EXERCISE
Determine which lines of the records include the word "Fotografie", and copy them.

Records from a data source
[Start of Attachment]
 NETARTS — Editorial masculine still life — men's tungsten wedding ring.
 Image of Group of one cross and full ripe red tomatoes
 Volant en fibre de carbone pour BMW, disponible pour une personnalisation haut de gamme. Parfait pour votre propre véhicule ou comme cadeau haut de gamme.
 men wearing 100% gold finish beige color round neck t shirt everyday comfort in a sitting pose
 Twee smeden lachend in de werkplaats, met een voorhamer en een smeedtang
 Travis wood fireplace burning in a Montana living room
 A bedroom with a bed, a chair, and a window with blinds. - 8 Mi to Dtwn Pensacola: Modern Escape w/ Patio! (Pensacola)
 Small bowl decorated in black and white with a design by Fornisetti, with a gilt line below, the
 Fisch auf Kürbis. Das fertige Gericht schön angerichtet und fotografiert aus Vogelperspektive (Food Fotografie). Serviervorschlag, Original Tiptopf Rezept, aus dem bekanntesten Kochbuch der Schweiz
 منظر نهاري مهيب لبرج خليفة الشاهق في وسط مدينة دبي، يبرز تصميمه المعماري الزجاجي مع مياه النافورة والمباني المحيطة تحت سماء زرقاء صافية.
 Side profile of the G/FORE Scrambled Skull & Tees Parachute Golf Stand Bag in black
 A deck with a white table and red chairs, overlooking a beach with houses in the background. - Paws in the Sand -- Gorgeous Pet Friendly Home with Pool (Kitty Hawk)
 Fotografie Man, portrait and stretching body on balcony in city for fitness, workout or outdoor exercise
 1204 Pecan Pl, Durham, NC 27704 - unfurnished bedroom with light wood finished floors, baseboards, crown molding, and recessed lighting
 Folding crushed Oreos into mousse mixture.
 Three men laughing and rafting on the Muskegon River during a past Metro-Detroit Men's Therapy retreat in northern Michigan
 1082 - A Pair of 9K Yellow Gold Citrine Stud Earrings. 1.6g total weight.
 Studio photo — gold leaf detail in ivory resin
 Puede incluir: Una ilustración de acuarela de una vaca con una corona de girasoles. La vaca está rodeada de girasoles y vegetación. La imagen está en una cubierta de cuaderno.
[End of Attachment]
OUTPUT FOR THIS EXERCISE
 Fisch auf Kürbis. Das fertige Gericht schön angerichtet und fotografiert aus Vogelperspektive (Food Fotografie). Serviervorschlag, Original Tiptopf Rezept, aus dem bekanntesten Kochbuch der Schweiz
 Fotografie Man, portrait and stretching body on balcony in city for fitness, workout or outdoor exercise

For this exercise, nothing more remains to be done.